Herkese kitabınızdan bahsediyorum. Kuzenlerimden biri okudu bile. Bir öğretmen arkadaşım birinci cildi yeni bitirdi. Ama ben kitabınızı duyurmak için daha fazla şeyler yapmak istiyorum. Size komik gelebilir belki ama. Gençlerimizin en çok rağbet ettiği programlardan biri olan Beyaz Show’a telefon açıp “Merhaba Beyazıt Bey, siz de bir polis çocuğu olarak Hakan Evrensel’in “Güneydoğu’dan Öyküler” kitabını mutlaka okumalı, tanıtmalısınız. Bu kitapta çok yakın tarihimizin aynası var. Bugüne dek söylenilmeyen, anlatılmayan, yazılmayan pek çok gerçek var bu kitapta. Şehitlerimizin, gazilerimizin hala dağlarda PKK’yla mücadele halinde olan genç kahramanlarımızın unutulduğu bugünlerde onları unutmamalı, unutturmamalıyız” demek geliyor içimden. “Bu kitabın bugüne kadar en çok okunan, en çok satılan kitap olması gerekiyor” demek geliyor içimden.

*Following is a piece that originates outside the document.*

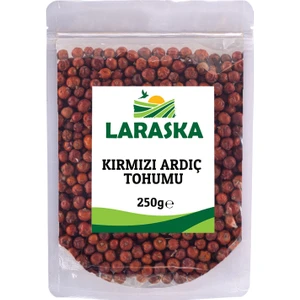 Kırmızı Ardıç Tohumu 250G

Çok uzattığımın farkındayım. Ama son sözüm AB’ye girmek uğruna taviz üzerine taviz verenlere, verecek olanlara. Şehitlerimizin kanı yerde kalacak diye elim yüreğimde gelişmeleri takip ediyorum. Bir zamanlar PKK’yla işbirliği yapmış, APO’nun kuklaları olmuş olanlar “Pişmanlık yasası nedir ki? Onlar(teröristler) pişman olacak ne yapmışlar ki? diyenler, ülkemin havaalanının VIP salonundan elini kolunu sallaya sallaya geçeceklerse ben böyle AB’ye üyelik istemiyorum. Teröristin evini taziyeye giden bir büyükşehir belediye başkanını, bir oğlu hala PKK kampında bulunan ve dağda Mehmetçiklerimizle savaşan ismi lazım değil bir diğer belediye başkanını görevden almayan alamayan hükümeti de istemiyorum… Bu olaylar kendisine sorulduğunda “Gerekli açıklamalar yapılmıştır, arkadaşlar” diyerek kestirip atan, bütün bu gelişmelere seyirci, pısırık, sessiz kalan bir başbakan da istemiyorum… Ben ülkemin her şehrinde “Şehitler Abidesi” görmek istiyorum. Ülkemin bütün caddelerine bu mücadelede şehit düşmüş, gazi olmuş askerlerimizin isimlerinin verilmesini istiyorum. Nasıl İstiklal Savaşı’nda şehit olmuş askerlerimizi anıyorsak; her yıl Güneydoğu’da şehit verdiğimiz askerlerimizin de yapılan etkinliklerle anılmasını istiyorum. Ben daha çok ama daha çok şey istiyorum vatan sevgisinin, kahramanlığın, fedakarlığın ve cesaretin destanını yazan bu genç kahramanlarımız MEHMETÇİKLER için.

Eğer İspanya’da milyonlar ETA terör örgütü için sokağa dökülüyorsa, Türk milleti de yaşanan acıları unutmamak, unutturmamak için sokağa dökülmeli!Ben milletimin artık daha fazla sessiz kalmamasını diliyorum. “Güneydoğu’dan Öyküler”i bizlere armağan ettiğiniz için bir kez daha binlerce kez teşekkürler.